- Exercise goal:
Skip the pictures and return every entry exactly as written.

- Records shown:
BEGIN

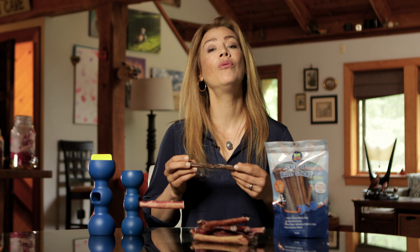The Bully Buddy has been an absolute game-changer for us. It is the simple solution to all of your choking concerns when it comes to bully sticks.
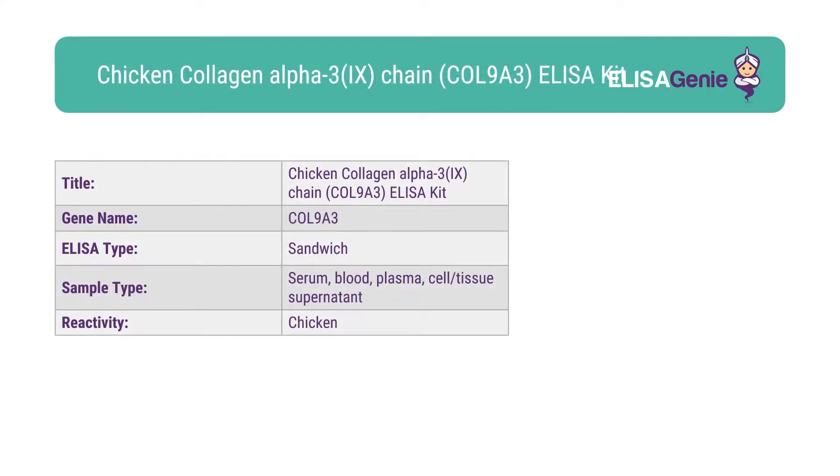At Eliza Genie, we strive to give researchers all the data they need. Our kits come with key technical parameters including sensitivity, range, CV percentage and standard curve data.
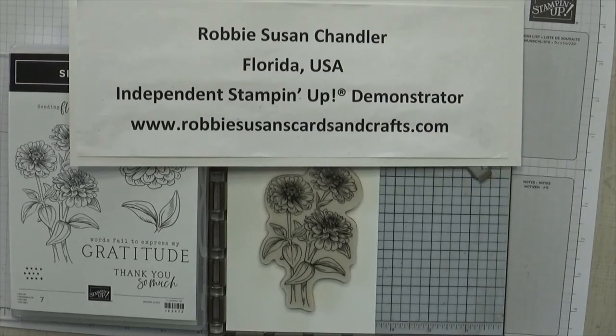Hello, Robbie Susan Chandler here from RobbieSusanCardsandCrafts.com. I'm an independent Stampin' Up! demonstrator from Quincy, Florida, right outside Tallahassee, Florida.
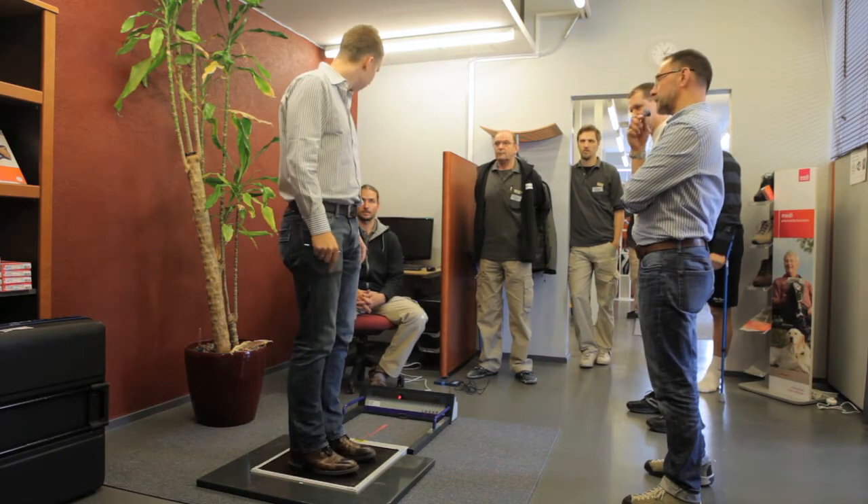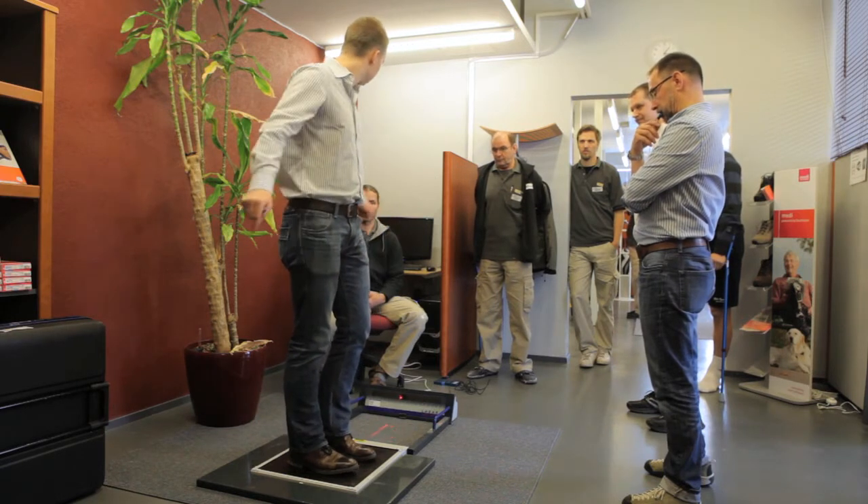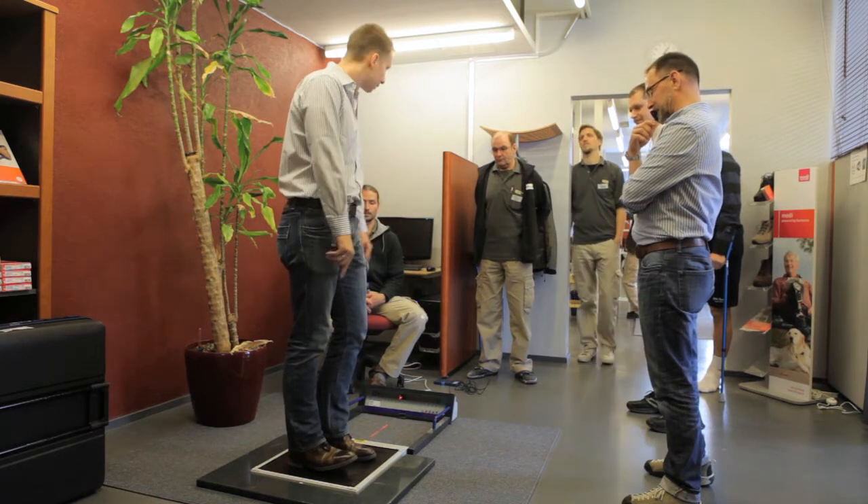If I have a bad prosthetic alignment, something like that — it's not easy to stand, so I will compensate with my other side. That's extreme now.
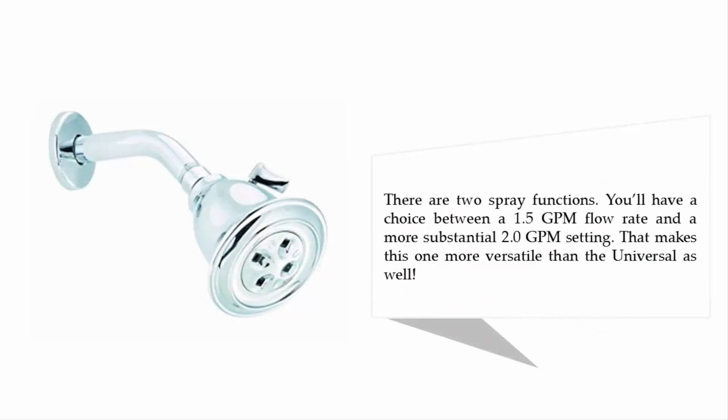There are two spray functions: a choice between a 1.5 GPM flow rate and a more substantial 2.0 GPM setting, making this one more versatile than the universal model as well.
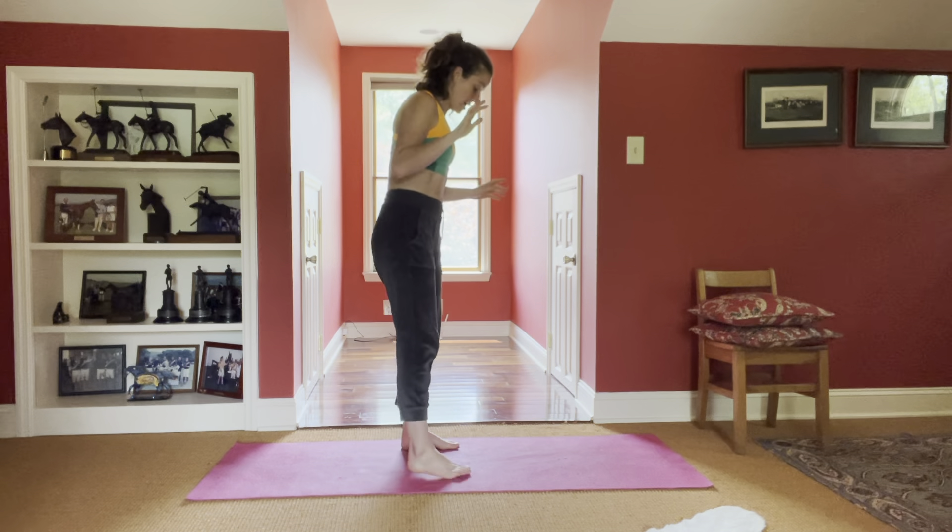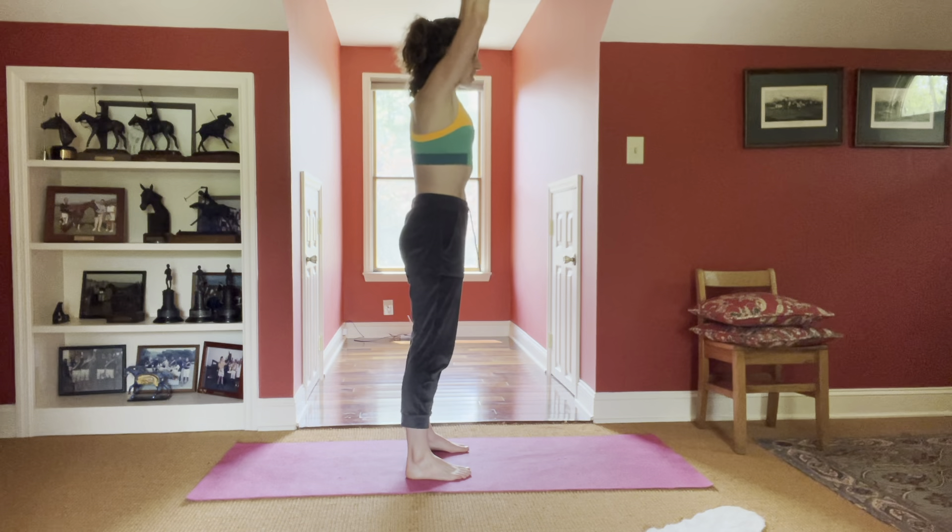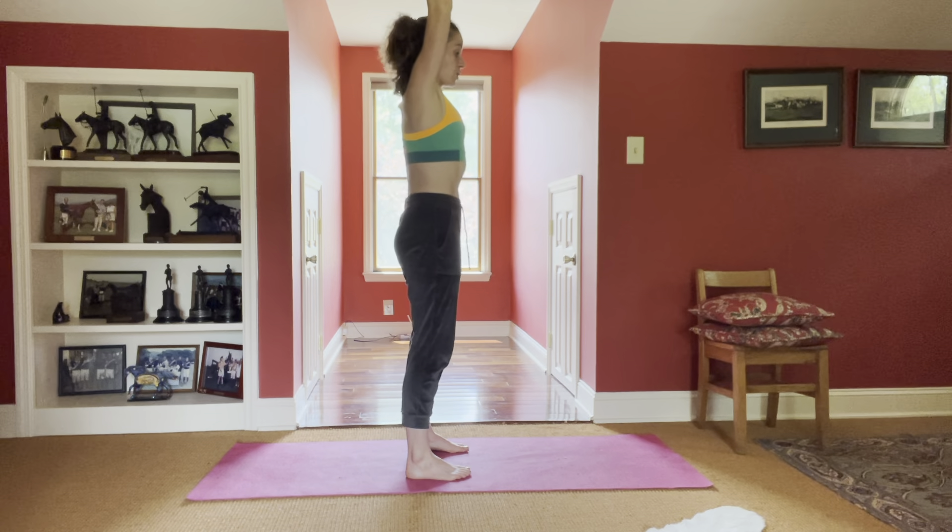Standing chest sweeps. Feet are going to go hip-width distance, straight forward like we're on a pair of skis. Biceps are going to come up by ears. I'm going to squeeze my glutes like crazy.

END

- Problem solution:
The Bully Buddy has been an absolute game-changer for us. It is the simple solution to all of your choking concerns when it comes to bully sticks.
At Eliza Genie, we strive to give researchers all the data they need. Our kits come with key technical parameters including sensitivity, range, CV percentage and standard curve data.
Hello, Robbie Susan Chandler here from RobbieSusanCardsandCrafts.com. I'm an independent Stampin' Up! demonstrator from Quincy, Florida, right outside Tallahassee, Florida.
If I have a bad prosthetic alignment, something like that — it's not easy to stand, so I will compensate with my other side. That's extreme now.
There are two spray functions: a choice between a 1.5 GPM flow rate and a more substantial 2.0 GPM setting, making this one more versatile than the universal model as well.
Standing chest sweeps. Feet are going to go hip-width distance, straight forward like we're on a pair of skis. Biceps are going to come up by ears. I'm going to squeeze my glutes like crazy.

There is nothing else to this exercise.